Anthropic, the San Francisco-based AI safety company, is in active discussions for a funding round that could value the firm above $900 billion, according to sources familiar with the matter speaking to TechCrunch. The timeline is compressed: conversations are structured for potential close within two weeks.
The proposed valuation would position Anthropic as the second-most valuable private company globally, trailing only SpaceX at approximately $350 billion as of its December 2024 round. For context, ByteDance trades privately near $300 billion. Anthropic's existing valuation stood at $18.4 billion following its Series C in March 2024, led by Menlo Ventures. This represents a 49x step-up in eight months. The company's annualized recurring revenue remains undisclosed, but third-party estimates from October 2024 placed run-rate at $875 million, implying a forward revenue multiple exceeding 1,000x if the valuation holds.
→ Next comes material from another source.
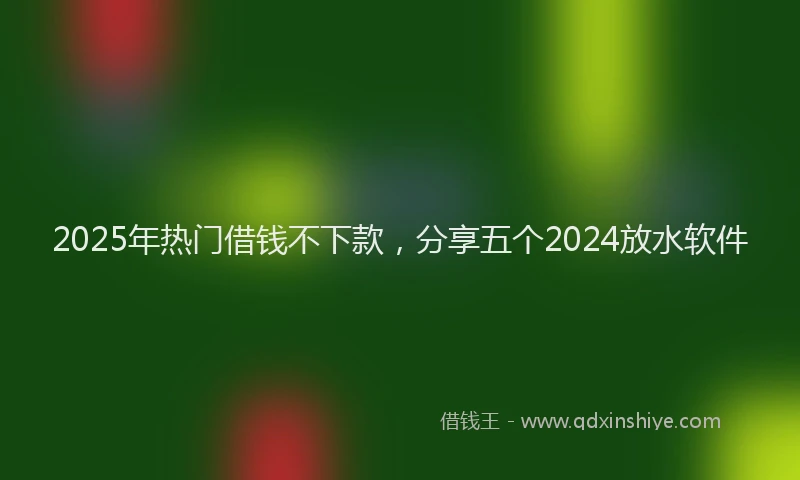 2025年热门借钱不下款，分享五个2024放水软件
The round's structure matters as much as the headline number. Anthropic's capital requirements are acute. The firm burns an estimated $2.7 billion annually on compute infrastructure, primarily Nvidia H100 and forthcoming B200 clusters hosted through partnerships with Amazon Web Services and Google Cloud. CEO Dario Amodei stated in September that the company requires $5 billion to $10 billion over the next 18 months to remain competitive in frontier model development. Existing backers include Google, which holds approximately 10% following a $2 billion commitment in 2023, and Amazon, which committed $4 billion across two tranches in 2023 and early 2024. The new round's lead remains unidentified in source reporting, but the valuation ceiling suggests sovereign wealth participation or a consortium structure involving multiple strategic corporates.
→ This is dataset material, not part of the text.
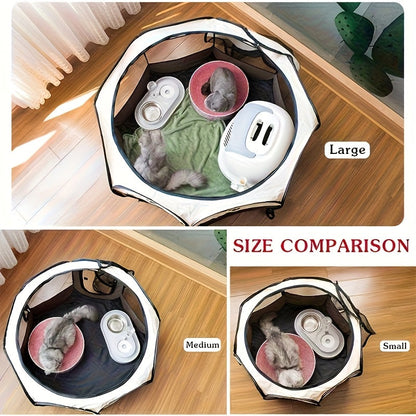 Octagonal Foldable Pet Fence Tent All-Seasons Kennel & Cat Bed – Scratch-Resistant Oxford Cloth Dog Cage for Puppies & Cats, Indoor Outdoor Camping Travel Playpen, Portable Collapsible Pet House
The pricing carries two implications for allocators. First, it crystallizes the market's willingness to underwrite model-layer companies at public-market multiples despite unproven business model durability. Anthropic competes directly with OpenAI, which last raised at $157 billion post-money in October 2024, and with open-weight alternatives from Meta and Mistral that eliminate switching costs for enterprise customers. Second, the round effectively converts Anthropic from a venture-stage asset into a crossover or late-stage growth position. Family offices and fund managers holding exposure through early rounds now face mark-to-market volatility typically associated with pre-IPO names trading on secondary platforms like Forge or Hiive.
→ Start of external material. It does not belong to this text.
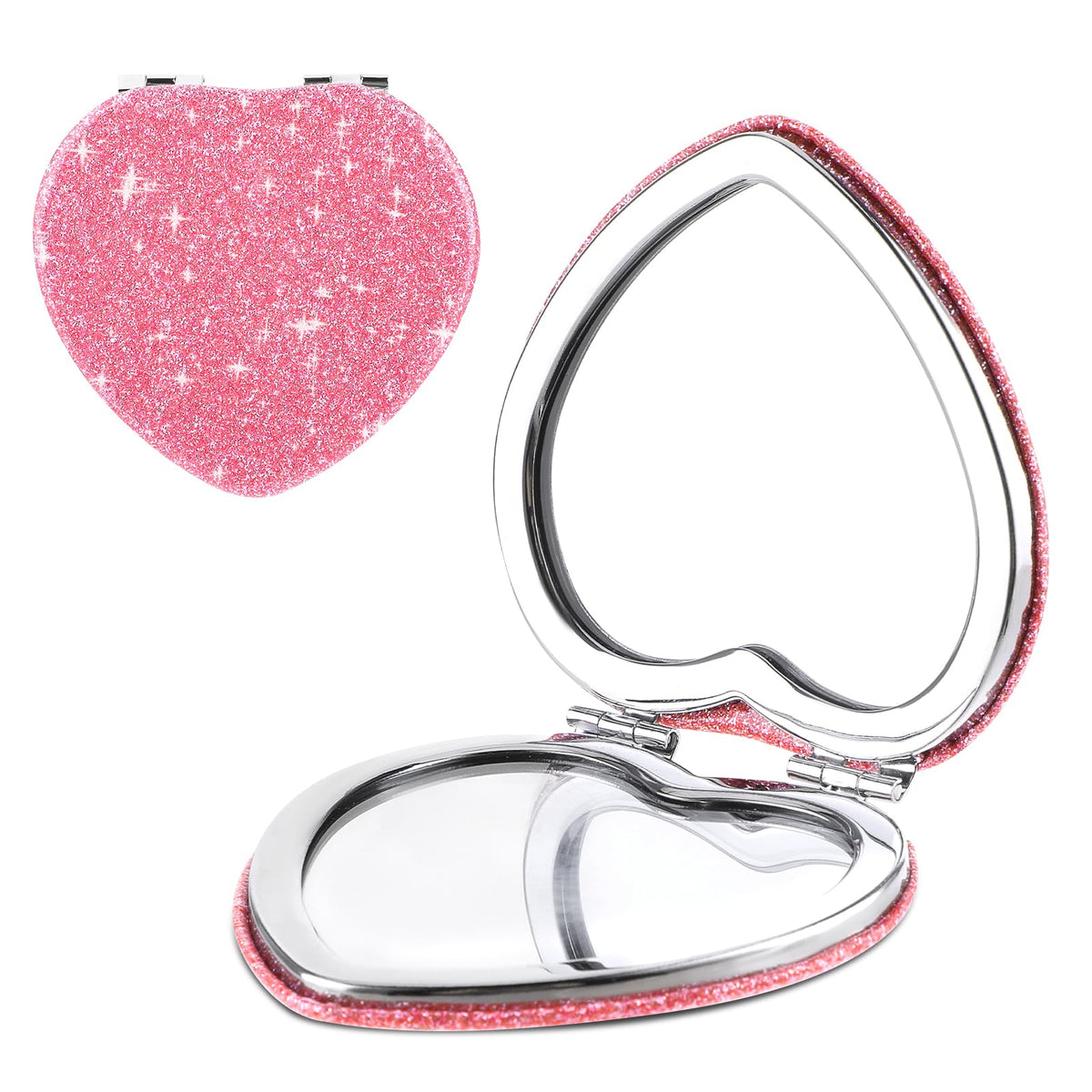 Yuxianlb Heart Shaped Compact Mirror, 1X/2X Magnifying Pink Mini Vanity Mirror For Women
Operators should monitor three follow-on events. First, whether Google or Amazon exercise pro-rata rights, which would signal confidence in Anthropic's competitive moat against OpenAI's o-series and DeepMind's Gemini 2.0. Second, any shift in Anthropic's compute partnerships. A new lead investor with cloud infrastructure could dilute AWS or Google Cloud's strategic lock-in. Third, revenue disclosure in connection with the round. If Anthropic crosses $1 billion ARR by early 2025, the valuation begins to normalize; if not, the multiple implies speculative positioning on AGI timelines rather than current cash generation. Secondary market pricing for Anthropic shares will likely gap up 15% to 25% in the 48 hours following a term sheet leak, based on observed behavior in the OpenAI and SpaceX secondary markets during comparable events.
The round's two-week timeline suggests term sheets are already circulating. Anthropic has not commented publicly, and no lead investor has been named in reporting as of this writing.